▶ Brief
Print exactly the lines from the one that contains "Orvis 1856 Stretch Twill Regular Fit Chinos" through the last line of the material, both included, and leave out all pictures.

+ + +

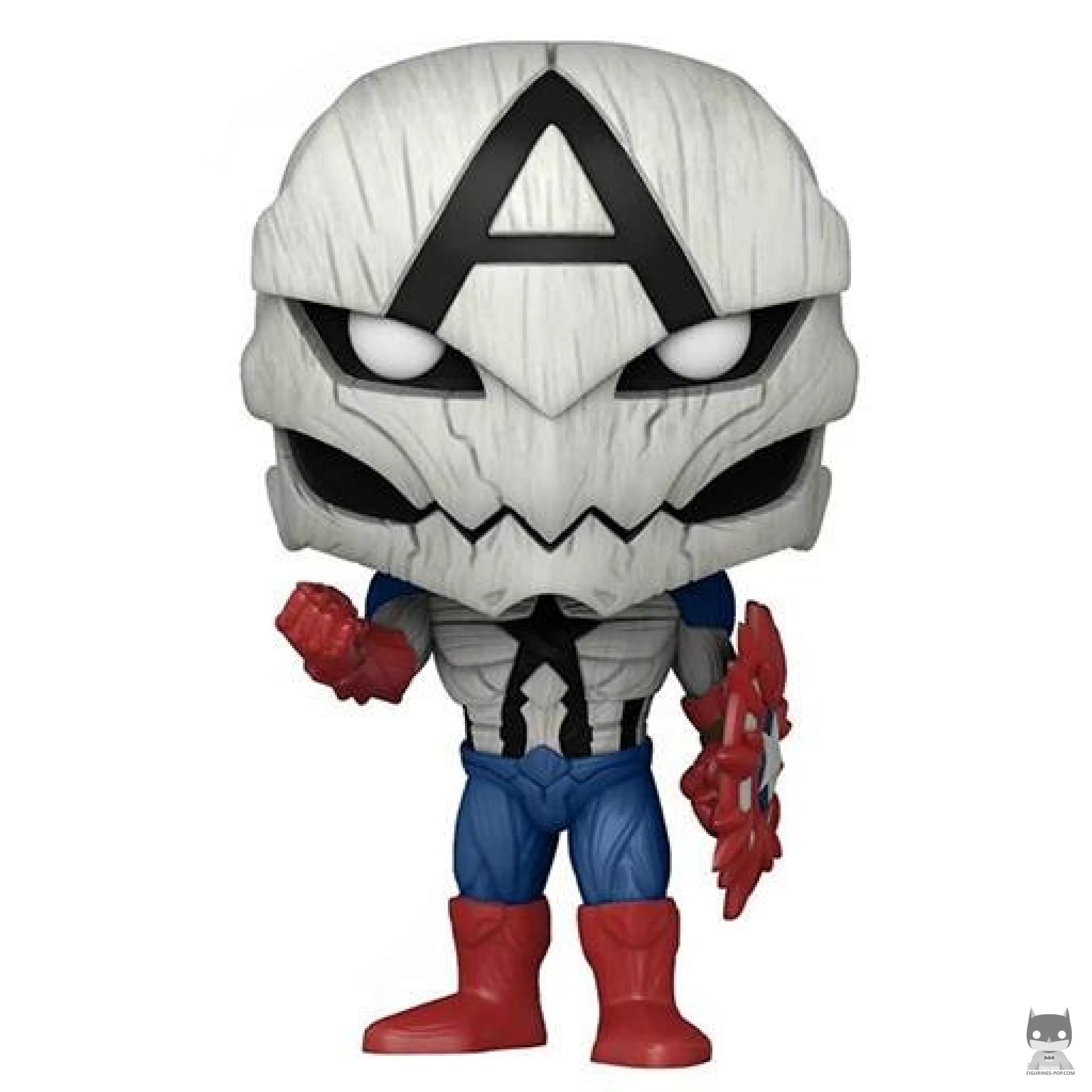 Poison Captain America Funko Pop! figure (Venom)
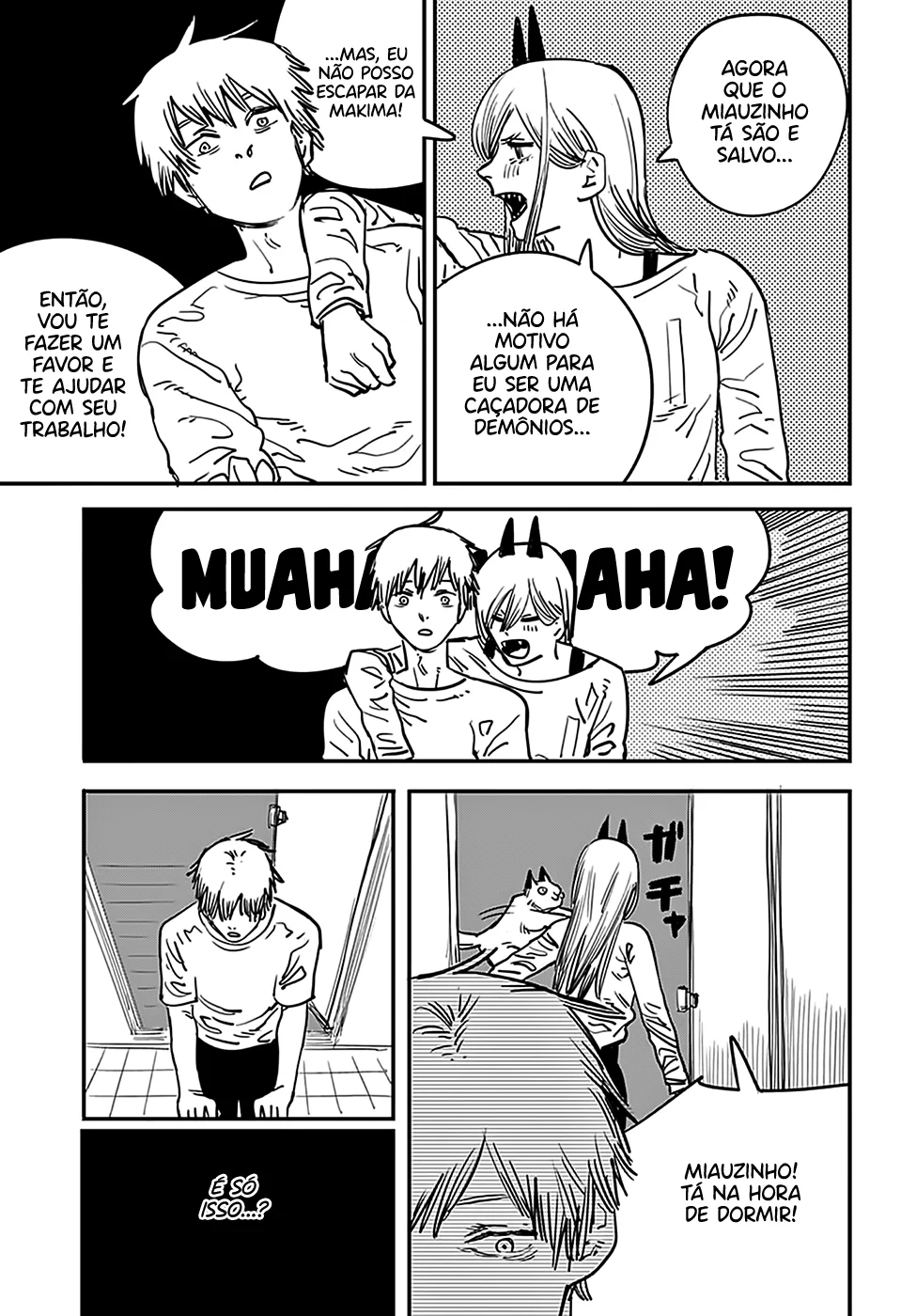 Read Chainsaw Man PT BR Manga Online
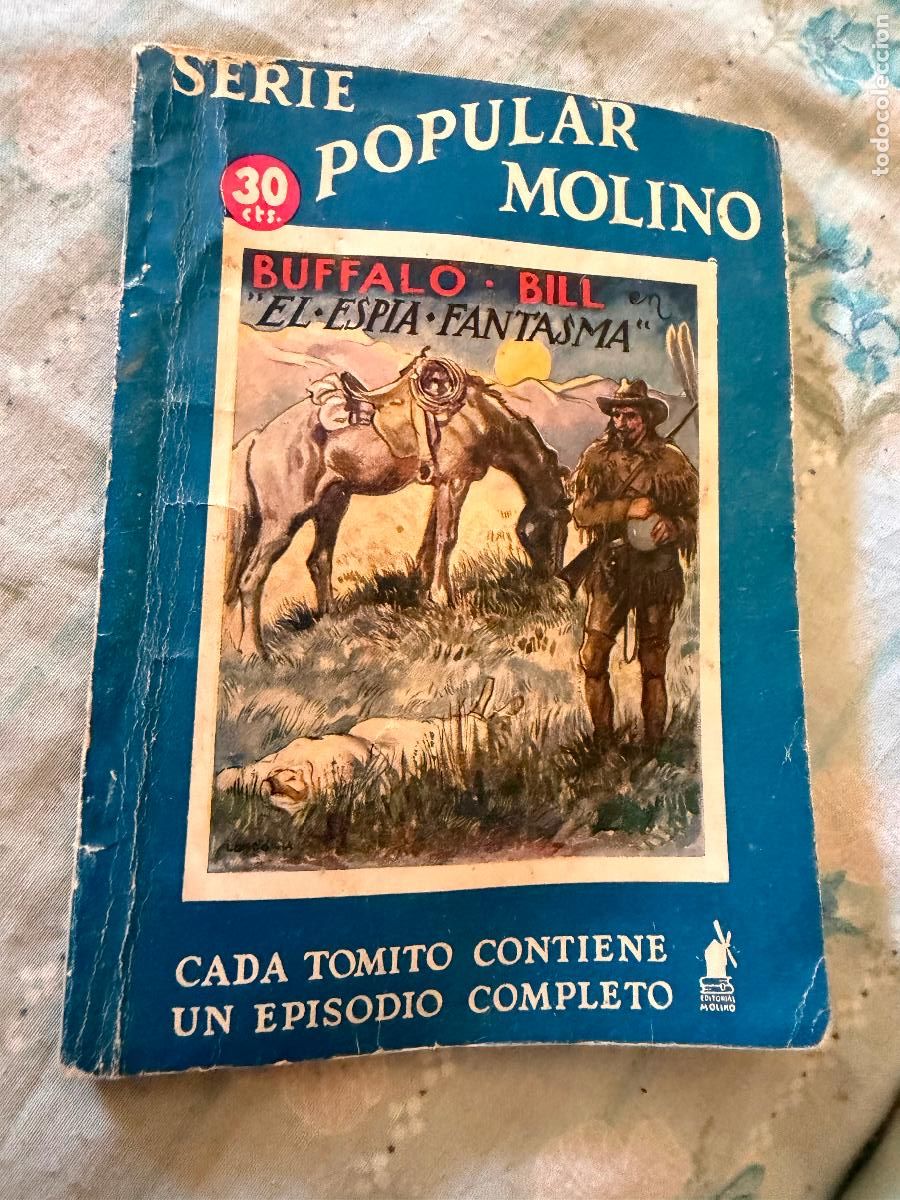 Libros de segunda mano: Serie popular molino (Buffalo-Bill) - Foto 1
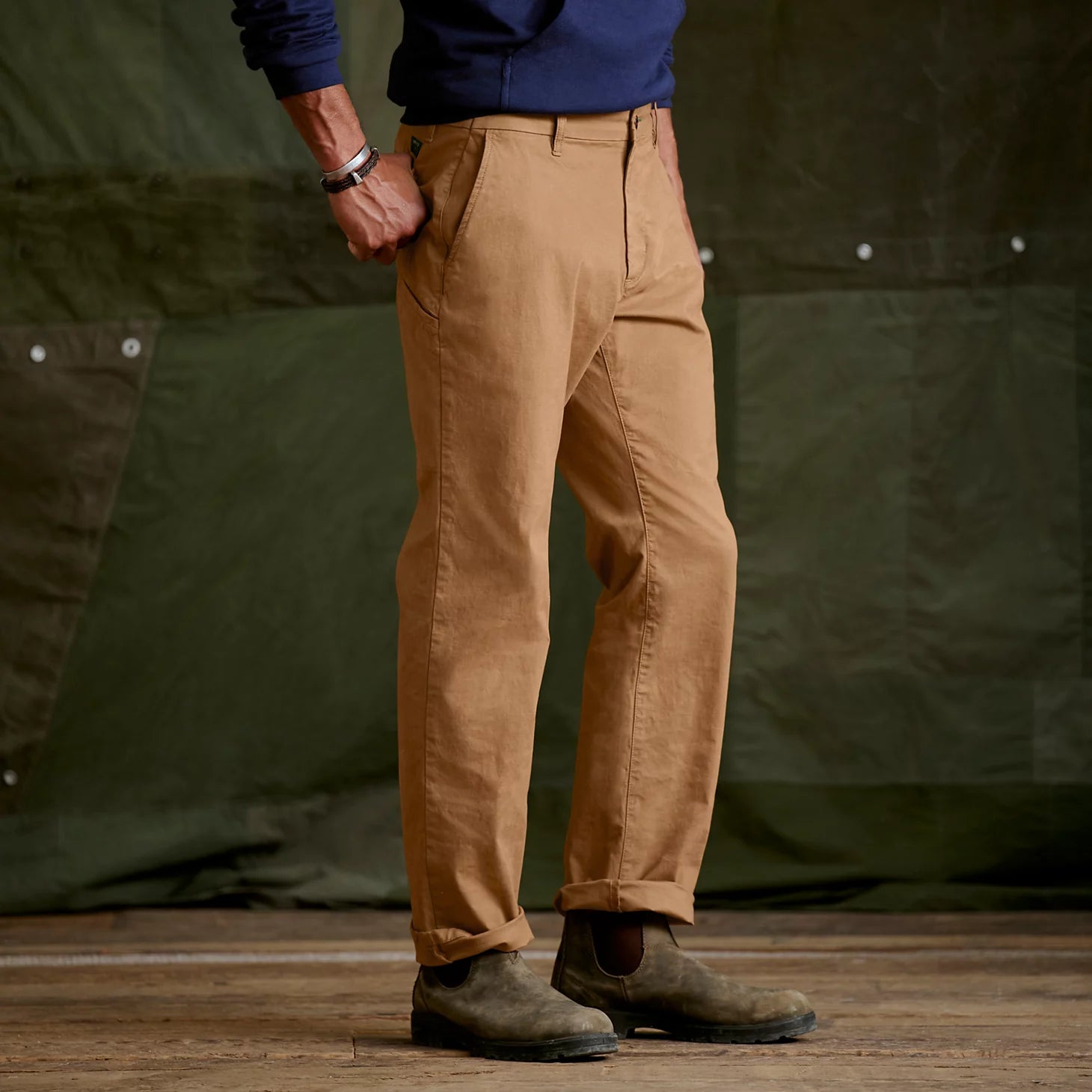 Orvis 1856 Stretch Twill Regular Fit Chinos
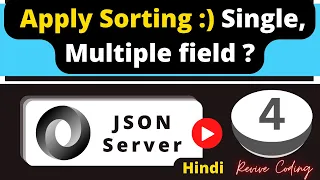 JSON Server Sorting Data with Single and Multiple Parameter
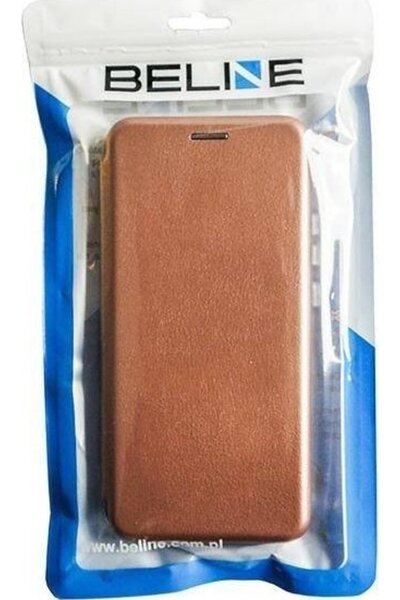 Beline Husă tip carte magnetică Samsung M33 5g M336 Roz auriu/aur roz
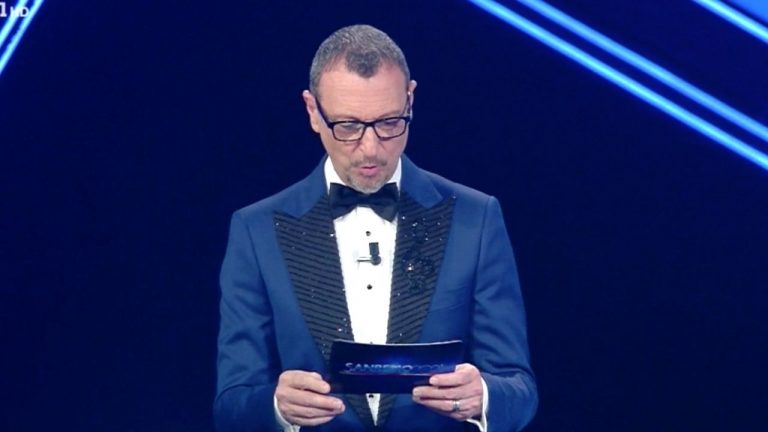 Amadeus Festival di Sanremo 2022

+ + +

▶ Problem solution
 Orvis 1856 Stretch Twill Regular Fit Chinos
 JSON Server Sorting Data with Single and Multiple Parameter
 Beline Husă tip carte magnetică Samsung M33 5g M336 Roz auriu/aur roz
 Amadeus Festival di Sanremo 2022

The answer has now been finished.